The story of Tarzan is familiar to millions of readers and movie fans all over the world. In addition to the original narrative (Tarzan of the Apes), more than 20 subsequent Tarzan books by Edgar Rice Burroughs fleshed out the story and concomitantly the parameters of what is ultimately a myth, mainly, but not exclusively set in Africa. The paradox about this myth is that, in the course of his adventures, Tarzan emerges, first, as the “Lord of the jungle” – that is, a powerful, respected as much as feared adventurer and owner of an estate on the East coast of Africa, who acts (in quasi-feudal fashion) as defender of those people and animals who look to him for protection from unscrupulous exploiters of Africa and its resources.

However, he is also the caring husband to Jane and father to Jack, or, as he becomes known later (after appropriating his place as son of Tarzan), Korak. The Greystoke family spend most of their time on their African estate because Tarzan prefers not to live in the cities of western civilization. There is a tension, therefore, in the figure of Tarzan – an ambivalence regarding his paternalistic (and patrician) protector-status vis-à-vis Africa and its inhabitants, on the one hand, and his chosen distance from London, where he has a seat in the House of Lords.
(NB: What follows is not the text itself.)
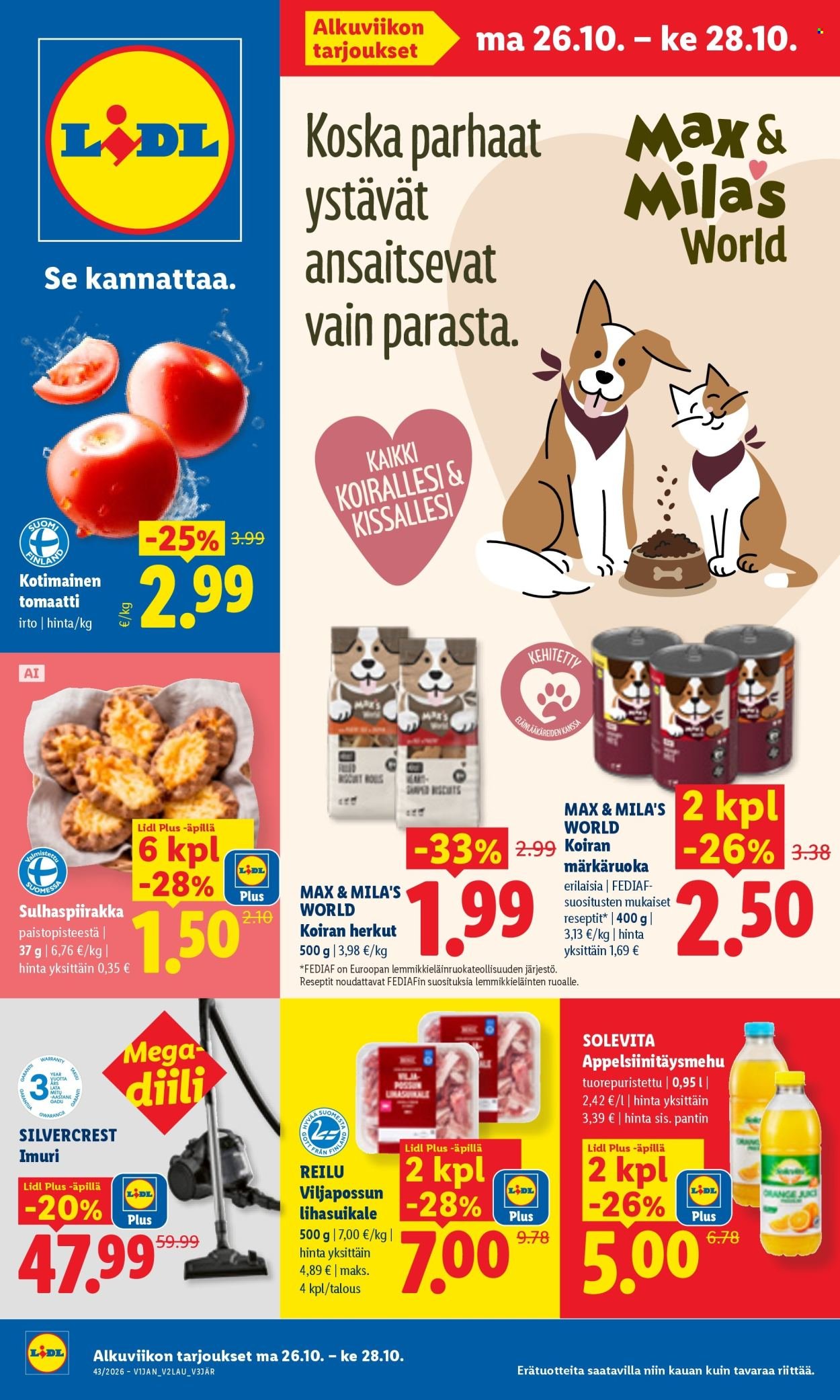 LIDL tarjoukset - Alkaen MA 26.10.2026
This is a conflict between Tarzan, mythical Lord of the jungle, which, while ruling over it, he nevertheless valorizes, and (not unconnected with this) Tarzan, critic of effete, corrupt civilization which, while representing it as English nobleman, he yet despises. There is plenty of evidence in Burroughs’s Tarzan books for both of these ambivalently related positions.
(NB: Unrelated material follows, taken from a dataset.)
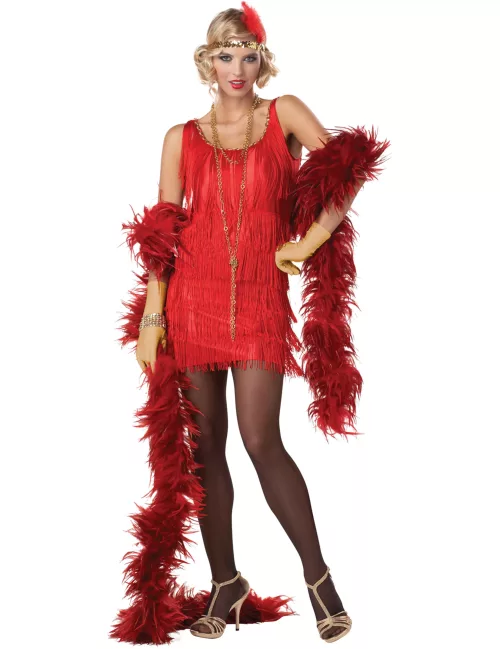 Photo du produit Déguisement Charleston Rouge pour femme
This image is established in the original Tarzan narrative by his ability, due to his superior intelligence, to compensate for his comparative physical shortcomings in his dangerous jungle-life among the apes. In Tarzan of the Apes (p. 86), Burroughs emphasizes this superiority: “But there was that which had raised him far above his fellows of the jungle – that little spark which spells the whole vast difference between man and brute – Reason. This it was which saved him from death beneath the iron muscles and tearing fangs of Terkoz.”

Interestingly, Burroughs’s overriding criterion – always underpinned by his belief in Darwinian evolution – for assessing cultural or racial compatibility between Tarzan and others seems to be intelligence and shared interests, or the degree to which this intelligence has enabled people to rise to reciprocal respect above petty hatreds and suspicion. The following excerpt from Tarzan and the Jewels of Opar (p. 158) is a case in point, where Tarzan and Jane are pictured returning from a hunt in the company of members of the Waziri tribe and a black man called Mugambi (who comes from a different people):

“Lord and Lady Greystoke with Basuli and Mugambi rode together at the head of the column, laughing and talking together in that easy familiarity which common interests and mutual respect breed between honest and intelligent men [sic] of any races.”

This is not to overlook the thorough ambivalence of Tarzan as ape-man, simultaneously savage beast AND English nobleman – an embodied oxymoron, as shown in this passage (p. 95): “Above him poised the savage brute that was today bent upon the destruction of a human life – the same creature who a few months before, had occupied his seat in the House of Lords at London, a respected and distinguished member of that august body.”

The ambivalence in his character is further emphasised by the fact that Tarzan is depicted as being superior to the other inhabitants of the jungle, but that he simultaneously directs relentless criticism at western culture because of its distance from nature. As “savage brute” Tarzan is part of nature, and as English Lord he is part of civilization. At least, this is what we are led to believe. But a moment’s reflection yields the insight that the very thing which separates Tarzan from other jungle creatures, namely so-called divine reason, is also that civilizing force that is indispensable to culture and human society, and which ultimately leads to the civilized conditions detested by the ape-man. Hence, instead of being wholly natural, even in his jungle habitat, or being wholly civilized, even in his ancestral England, Tarzan is a strange, ambivalent being indeed – both natural (instinctual, unspoilt) and civilized (rational, capable of critique) at the same time.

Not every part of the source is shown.